Your answer must match, word for word, the lines from the one holding "Mehmet Ali Aybar" through the final line below, with pictures excluded.

╭─ Input

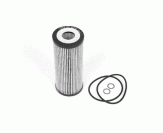 МАСЛЯНЫЙ ФИЛЬТР CHAMPION XE 545/606 (OE 649/7)-(SH 453)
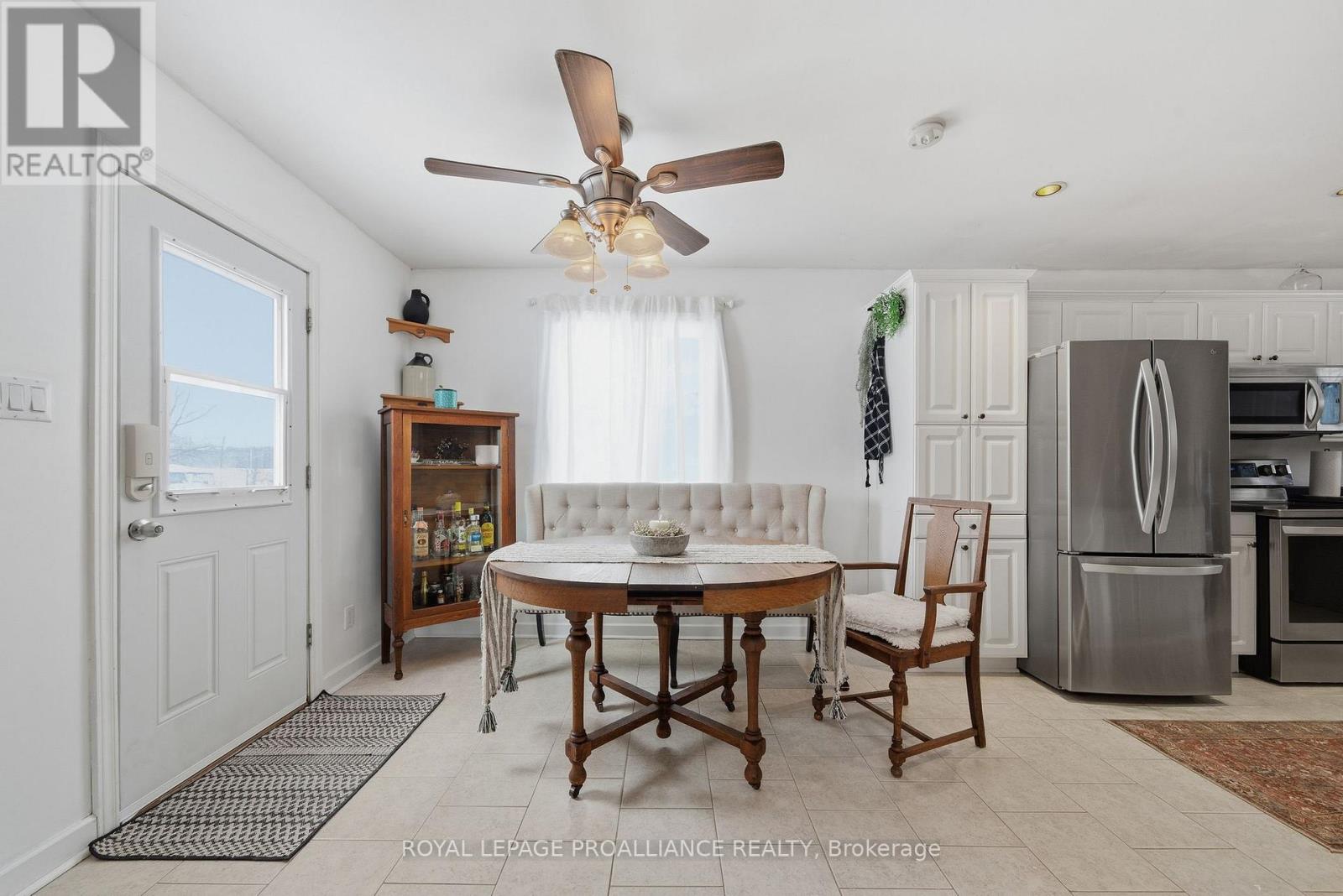 82 Manley Drive, Belleville, Ontario  K8N 4Z4 - Photo 16 - X12749480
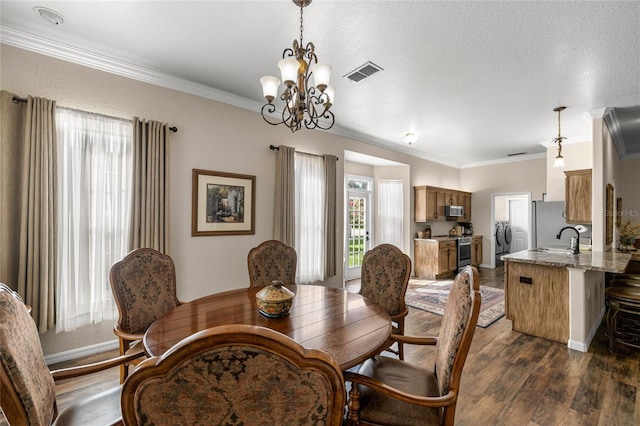 4021 NE 23rd Pl, Ocala, FL 34470 - photo 9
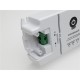 Nábytkový napájaci zdroj pre LED pásy 24V-30W FTPC30V24-C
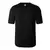 camisa-athletic bilbao-ii-away-22-23-torcedor-torcedora-Fan-masculina-castore-preta-europa-espanha-la liga-copa da espanha-champions league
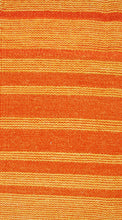 Lade das Bild in den Galerie-Viewer, Kilim Original Authentic Hand Made 90x60 CM
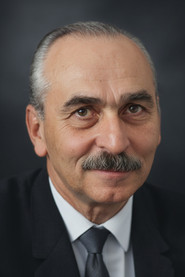 Mehmet Ali Aybar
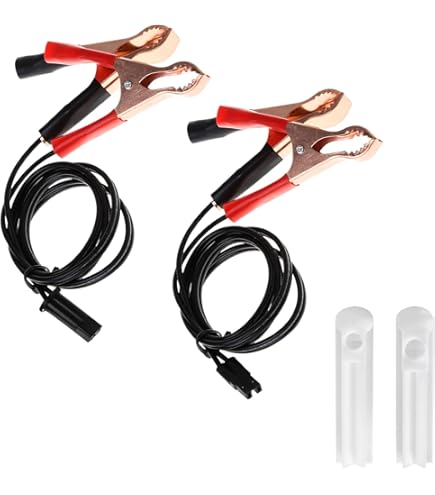 Amazon.com: UOYETIB Fuel Injector 460-8213 4608213 Nozzle 20R-5077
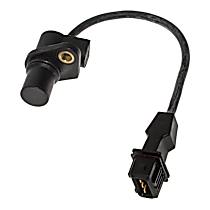 235-1147 Crankshaft Position Sensor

╰─

> [Answer for the task]
 Mehmet Ali Aybar
 Amazon.com: UOYETIB Fuel Injector 460-8213 4608213 Nozzle 20R-5077
 235-1147 Crankshaft Position Sensor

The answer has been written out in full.